Honesuke and garasuke are not designed for the same sort of work a western style boning knife is. The Japanese knives are meant to cut through small bones and cartlage, that's why they are so high at the heel. Honesuke are made for small fowl, and garasuke for larger fowl and pork.
When it comes to "boning out," neither has as efficient a profile as the western styles. However, that doesn't mean they won't work. As a general rule, any sharp knife can perform just about any knife task; and as another general rule sharpness is more important than profile.
In my opinion a boning knife of any sort is way down the list of what's important in a block -- especially for a home cook. A lot of people seem to feel that it's the best way to break a chicken. Works for some people but not really necessary. I recommend a "petty" for most boning tasks, because it's easier to sharpen than most western boning knife profiles. This is as much a function of their geometry -- western boning knives tend to be made from relatively thick stock and have very narrow profiles -- as their crappy blade alloys.
Here's the French petty I use:
Although western, it's very thin and takes a great edge.
I not only recommend the petty, but use it for all but the most specialized boning tasks like boning out a leg of lamb or pork. When most of the work is done at the tip, the handle has to go to all sorts of weird angles, and the knife has to trace a complicated shape and turn in the cut then it's hard to beat one of the Euro styles.
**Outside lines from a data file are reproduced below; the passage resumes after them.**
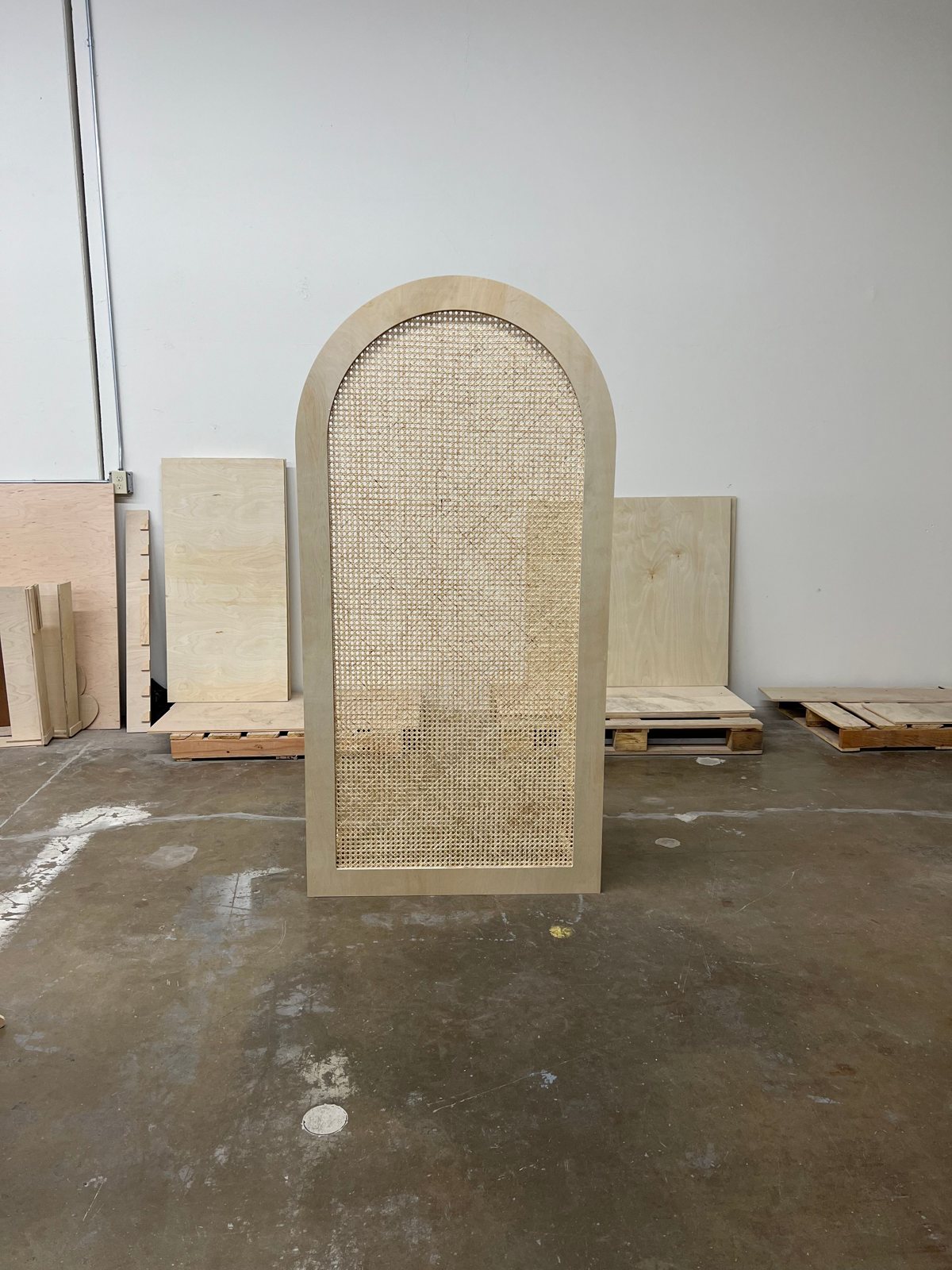 Open Arch Rattan Backdrop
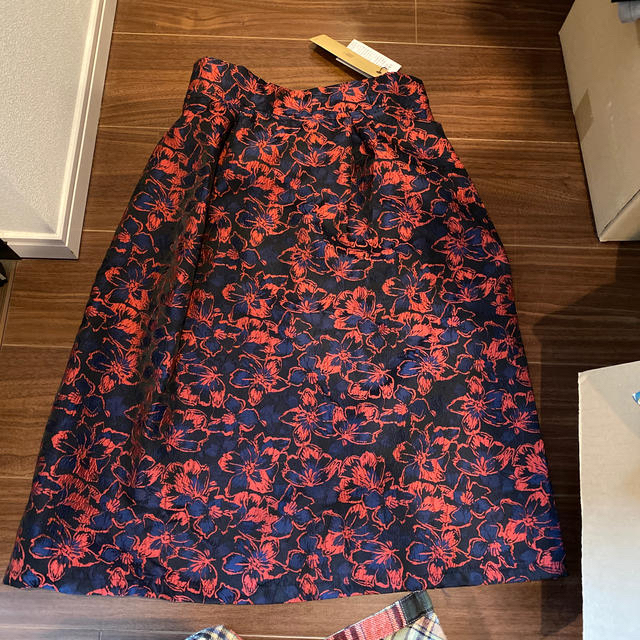 rps(アルピーエス)のジャガードフラワースカート レディースのスカート(ひざ丈スカート)の商品写真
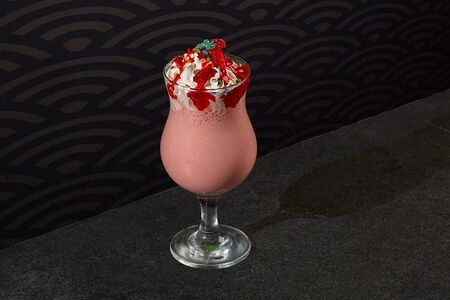 Милк клубничный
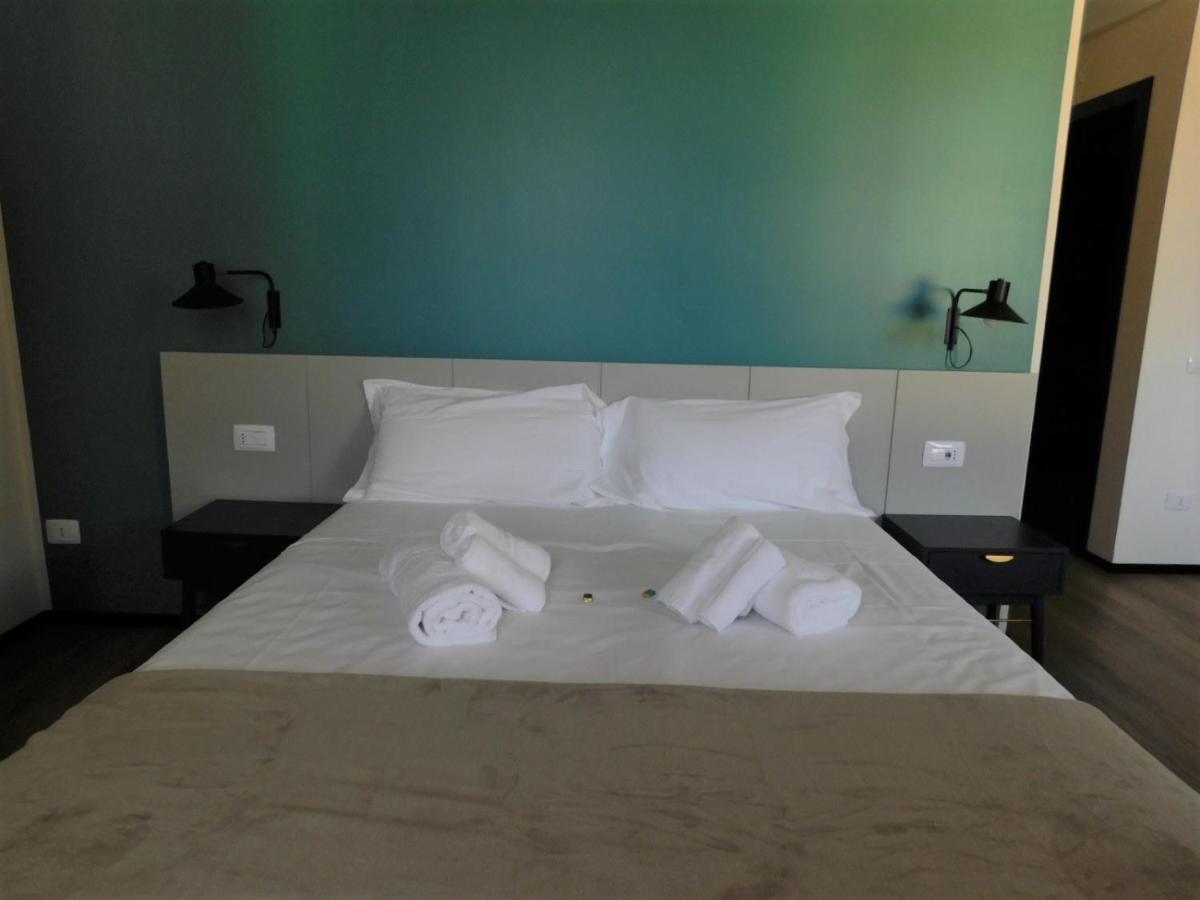 Piumaviola Beds & Apartments Parma Exteriér fotografie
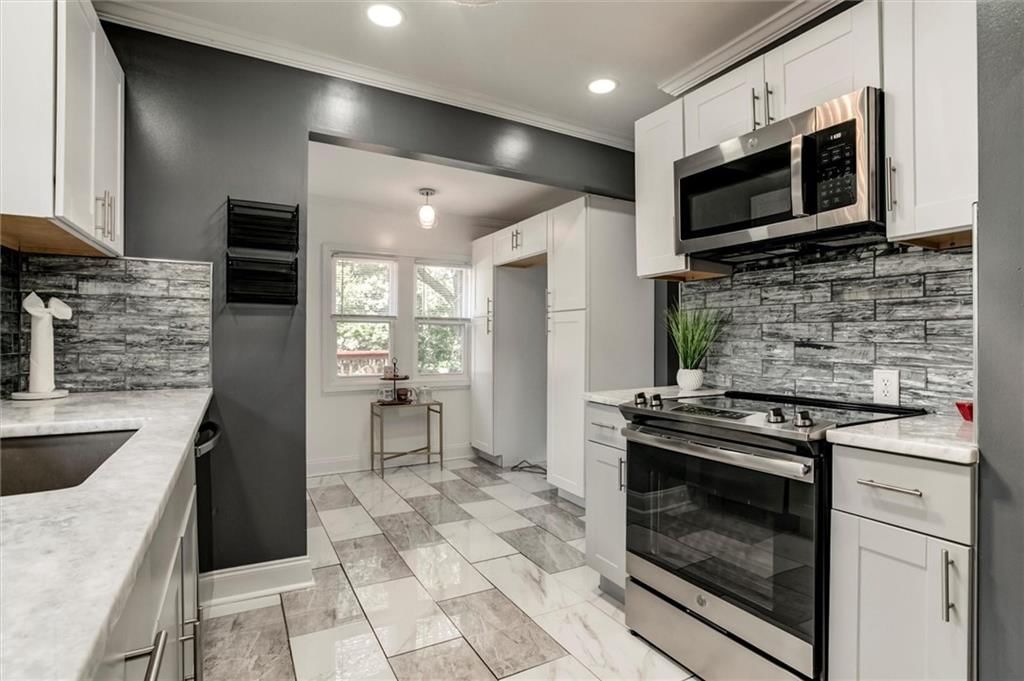 7222 Grand Avenue — photo 9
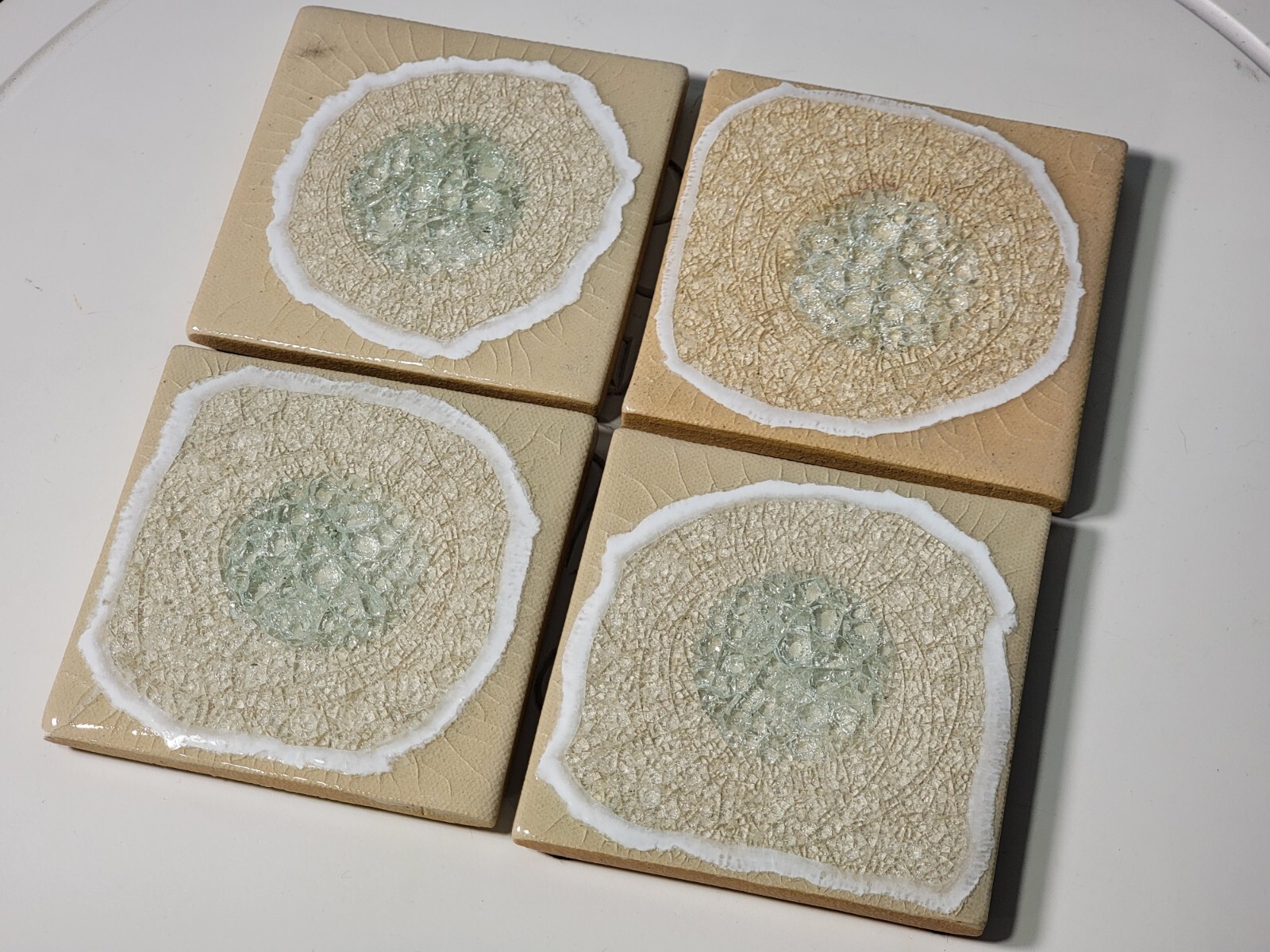 DOCK 6 Pottery Geode Style Glazed Coaster – Set of 4 Coasters White/Light Blue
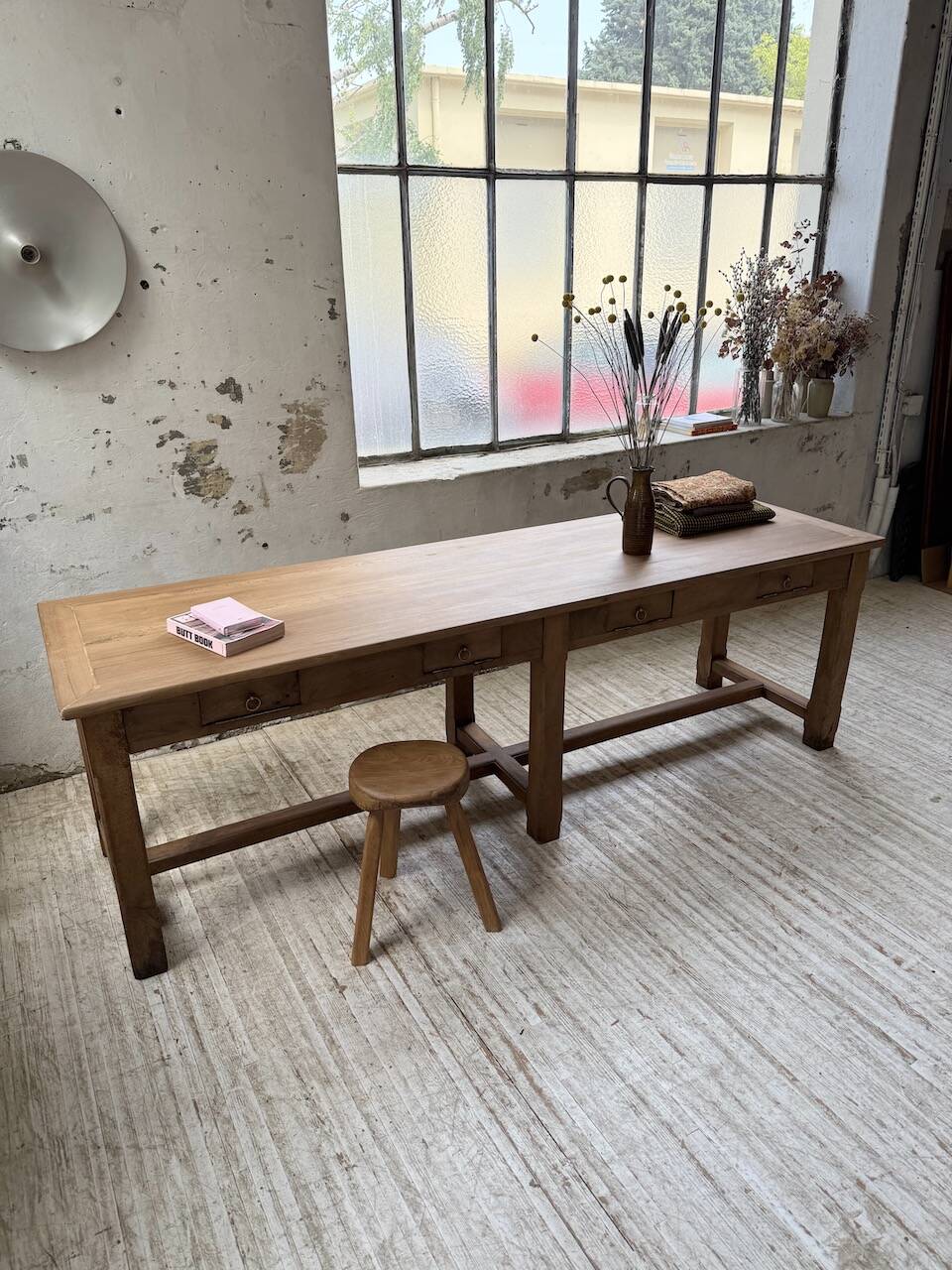 Antique farmhouse or drapery table in walnut, 1900 XL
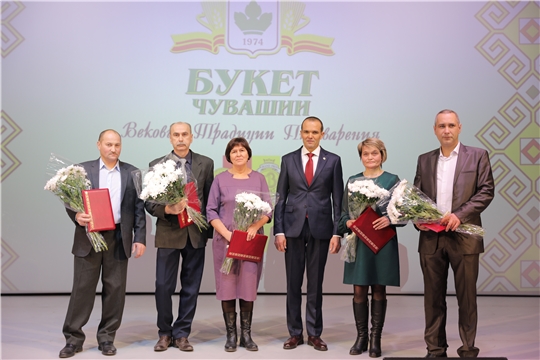 Михаил Игнатьев поздравил с 45-летием коллектив Чебоксарской пивоваренной фирмы «Букет Чувашии»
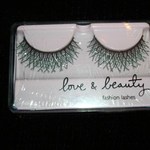 Brand new false eyelashes is being swapped online for free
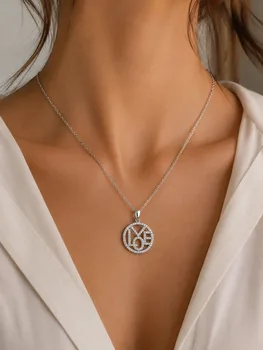 שרשרת LOVE יוקרתית בעיצוב נוצץ ומלא סטייל
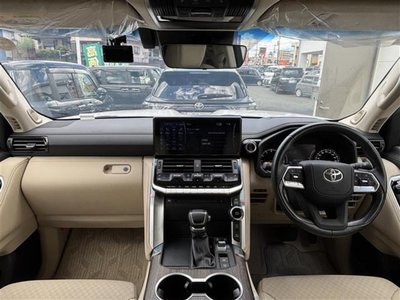 2023 Toyota LAND CRUISER 300 — фото 37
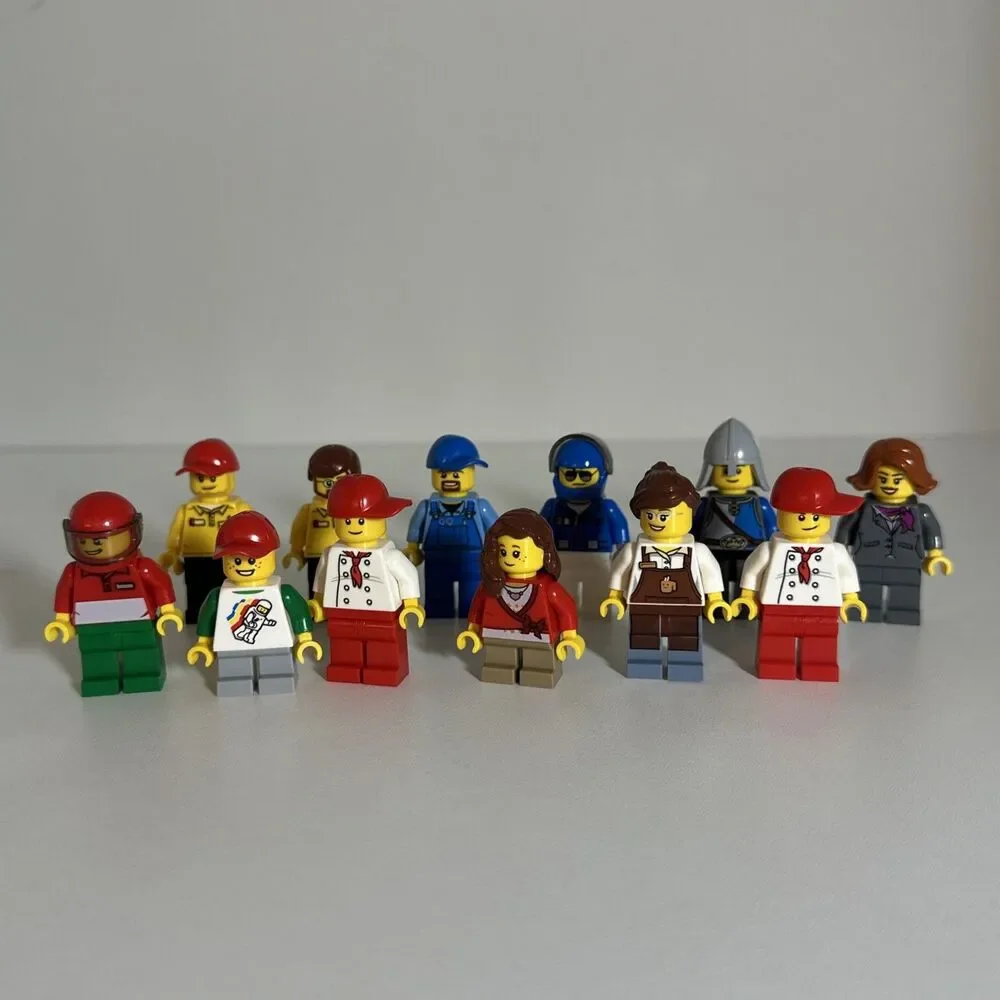 LEGO City Minifigure Lot of 12 Barista, Lego store employee, chef, Kings Knight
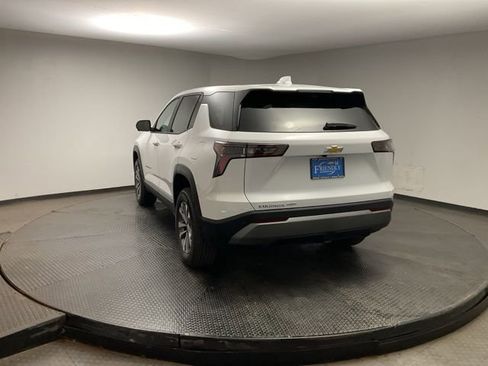 New 2026 Chevrolet Equinox LT AWD/4WD image 5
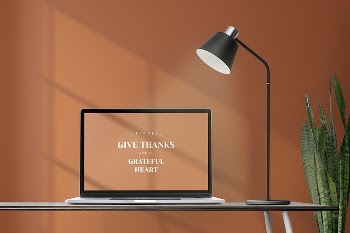 Laptop screen mockup psd on a desk | Free PSD Mockup - rawpixel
FWIW, I prefer the straight desosseur.
Here's my desosseur:
It's about as good as western boning knives get, but it's still a pain to sharpen.
If you feel you absolutely must use a Japanese profile for western boning try a honkotsu:
The Misono Sweden is particularly good if you can live with carbon.
thanks, they don't sound as promising as i had hoped. honkatsu is cool looking though. the petty just looks like a smaller chef's knife and i have one of those.
i actually stopped using my western boner and use my 210mm gyuto for boning. i'm just afraid of chipping it cutting a chicken in half, so i haven't tried yet. looking at my options, i'll probably just test it out and see if it holds up.